*** Dataset section ***

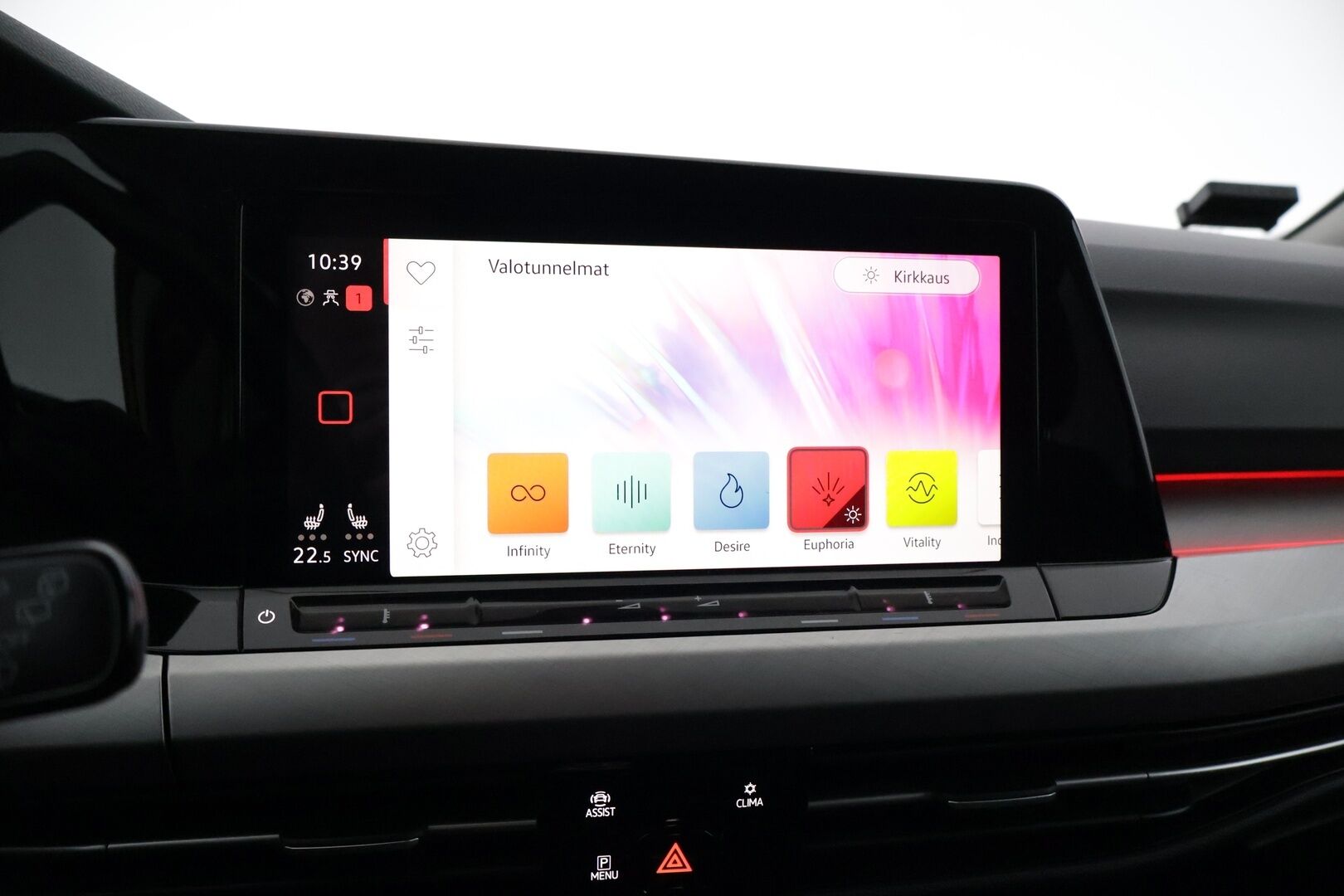 Volkswagen Golf 2021 Variant Comfort 1,5 eTSI 96 kW MHEV DSG - | Webasto | Vetokoukku | Lohko | ACC | S.Luukku | P.Kamera | Digimittaristo | LED |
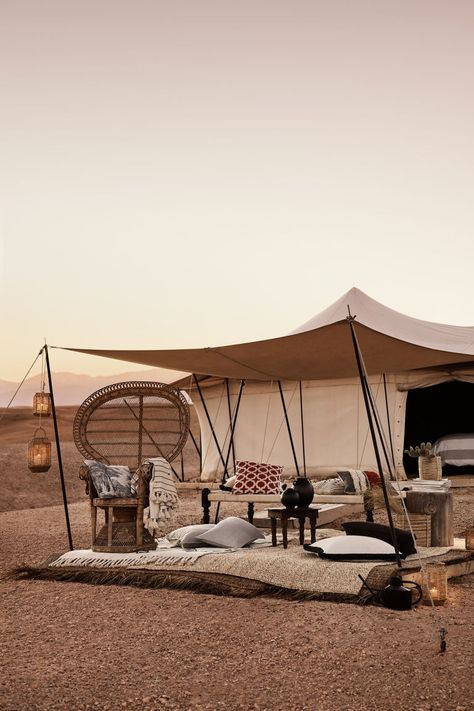 Nomad Decor, Coin Banquette, Tent Living, Airstream Interior, Hm Home, Lounge Bar, Out Of Africa, Outdoor Movie, H&m Home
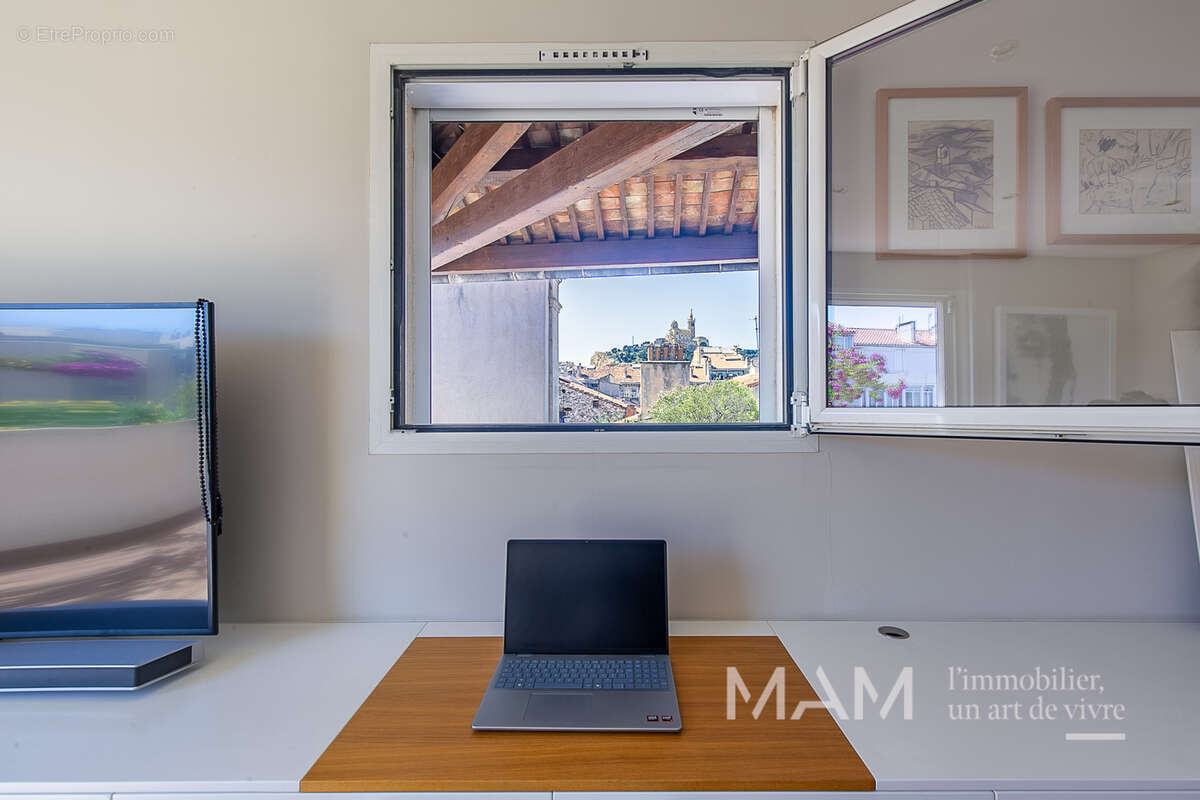 Appartement à MARSEILLE-6E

*** End of Dataset section ***

• _Exercise brief_: Drop the pictures and set down the data above exactly.

• _Task solution_:
 Volkswagen Golf 2021 Variant Comfort 1,5 eTSI 96 kW MHEV DSG - | Webasto | Vetokoukku | Lohko | ACC | S.Luukku | P.Kamera | Digimittaristo | LED |
 Nomad Decor, Coin Banquette, Tent Living, Airstream Interior, Hm Home, Lounge Bar, Out Of Africa, Outdoor Movie, H&m Home
 Appartement à MARSEILLE-6E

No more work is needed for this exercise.